Winning an appeal by arguing evidentiary error is exceedingly difficult—in part because rules for preserving an evidentiary ruling for appeal are not codified in one place—but here are five of the most important rules to follow to preserve an evidentiary ruling for appeal:
1. All evidentiary questions must first be presented to the trial court. This means the evidence must be “offered” and must be “objected” to. See Minn. R. Evid. 103; Thiele v. Stich, 425 N.W.2d 580, 593 (Minn. 1988).
2. The evidence “offer” and “objection” must be on the record. An offer or objection not made on the record will not be admitted as part of the appeal. See Minn. R. Evid. 103(a)(1); Hunt v. Regents of University of Minnesota, 460 N.W.2d 28, 32 (Minn. 1990).
3. Exclusion of evidenced should be made the subject of an “offer of proof.” The “offer of proof” must also be on the record unless the substance of the excluded evidence is apparent from the context within which the question was asked. See Minn. R. Evid. 103(a)(2).

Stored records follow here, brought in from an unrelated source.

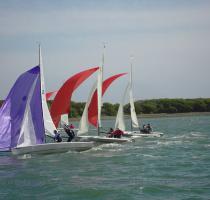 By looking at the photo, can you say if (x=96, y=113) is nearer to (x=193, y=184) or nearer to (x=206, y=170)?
(x=206, y=170)

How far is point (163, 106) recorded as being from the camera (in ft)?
370

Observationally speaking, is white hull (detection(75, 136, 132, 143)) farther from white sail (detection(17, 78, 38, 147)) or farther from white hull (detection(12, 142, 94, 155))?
white sail (detection(17, 78, 38, 147))

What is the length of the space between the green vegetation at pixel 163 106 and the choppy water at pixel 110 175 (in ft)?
245

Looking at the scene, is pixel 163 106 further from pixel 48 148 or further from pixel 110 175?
pixel 110 175

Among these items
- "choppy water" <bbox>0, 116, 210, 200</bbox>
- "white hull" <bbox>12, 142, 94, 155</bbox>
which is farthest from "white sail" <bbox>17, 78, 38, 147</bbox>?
"choppy water" <bbox>0, 116, 210, 200</bbox>

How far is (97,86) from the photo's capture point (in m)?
33.4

4. The evidentiary question must be ruled on by the trial court, and the court’s ruling must be on the record. Objecting to evidence or making an offer of proof is not enough; the court must make a ruling and the parties have an absolute right to insist on a ruling.
5. In civil cases any evidentiary error must be brought before the trial court in a motion for a new trial. The motion for a new trial is crucially important and mandatory if appellate review of an evidentiary question is sought.
Without a motion for new trial, appellate review is limited to a) whether the evidence supports the findings of fact, and b) whether the findings support the conclusions of law and judgment. If the appeal is taken from an order denying a motion for new trial, all matters raised in the motion, including evidentiary rulings, can be reviewed, but the evidentiary error must be specifically included in, and made part of the motion for a new trial.